Fonts in node-canvas

Adam Hooper
3 min readMar 14, 2017

Do you use node-canvas to draw images from JavaScript using Cairo?

Well, you’ll want to select a font, and that’s Really Hard.

node-canvas 2.0 will have a ctx.registerFont() method that may supplant these instructions. In the meantime, here’s what you should do:

Here’s the nitty-gritty, for Linux and Mac OS X.

Make sure you’re using pango-cairo

Pango handles the tricky task of putting text in the right place. If you use node-canvas without Pango, you’ll get blocky and uneven text.

node-canvas can install without Pango. Avoid that.

Follow the node-canvas instructions: install pango before installing node-canvas. On Mac OS X, brew install pango.
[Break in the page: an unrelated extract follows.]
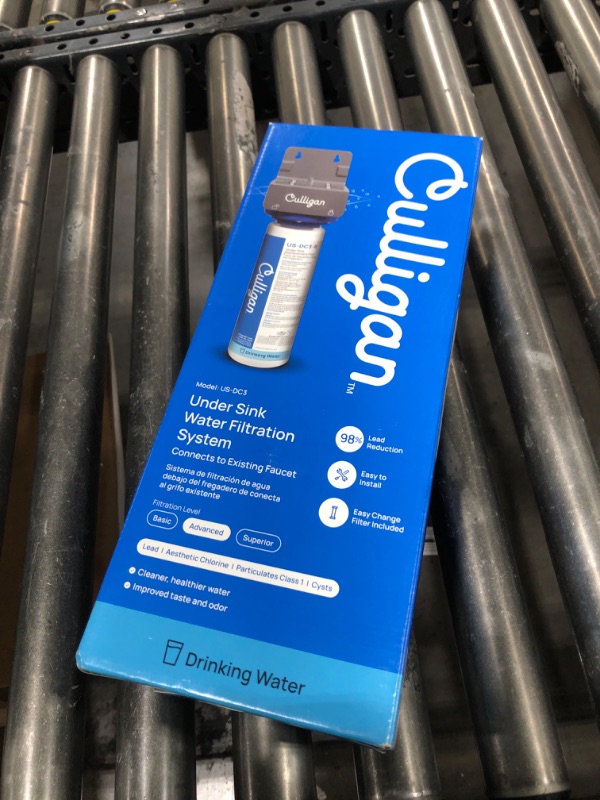 Photo 1 of Culligan US-DC3 Under Sink Direct Connect Premium Lead Filtration System, White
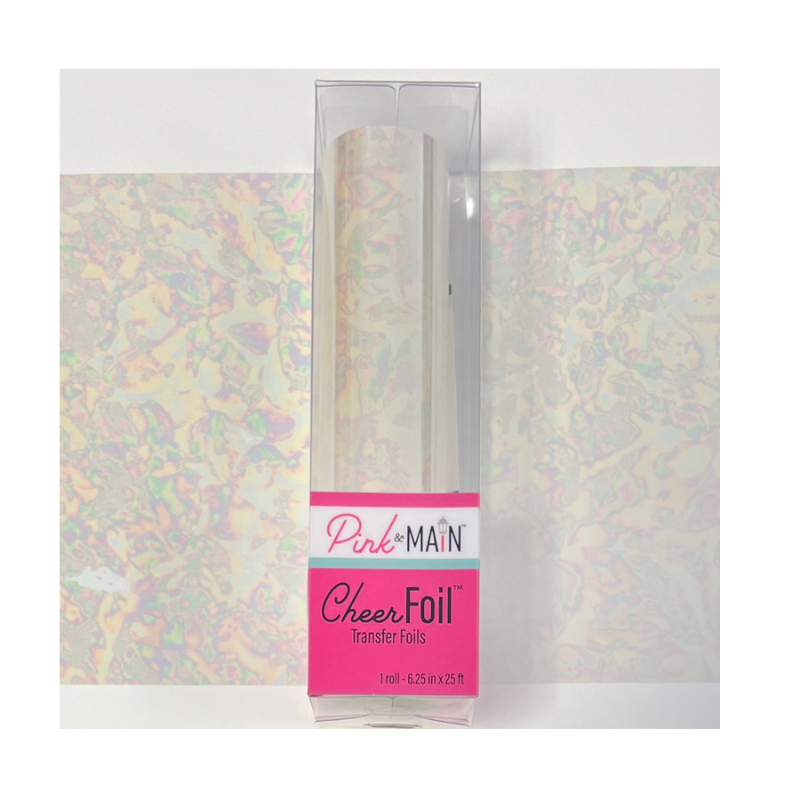 Pink and Main Translucent Opal CheerFoil pmf335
On Ubuntu, apt install libpango1.0-dev.

If you installed node-canvas after installing Pango, reinstall node-canvas: rm -r node_modules/canvas && npm install canvas

Set FONTCONFIG_PATH and place fonts.conf there

There’s so much stupid history here.

When you open a web page that asks for “Helvetica” but you don’t have “helvetica.ttf” installed, your web browser may pick “arial.ttf” instead. There’s a font cache in your operating system that matches each font name to a file on disk.

node-canvas pretends to be an HTML5 <canvas>, so it mimics this absurdity. You’ve (hopefully) copied each font file into your project’s source, but by default, node-canvas won’t look there.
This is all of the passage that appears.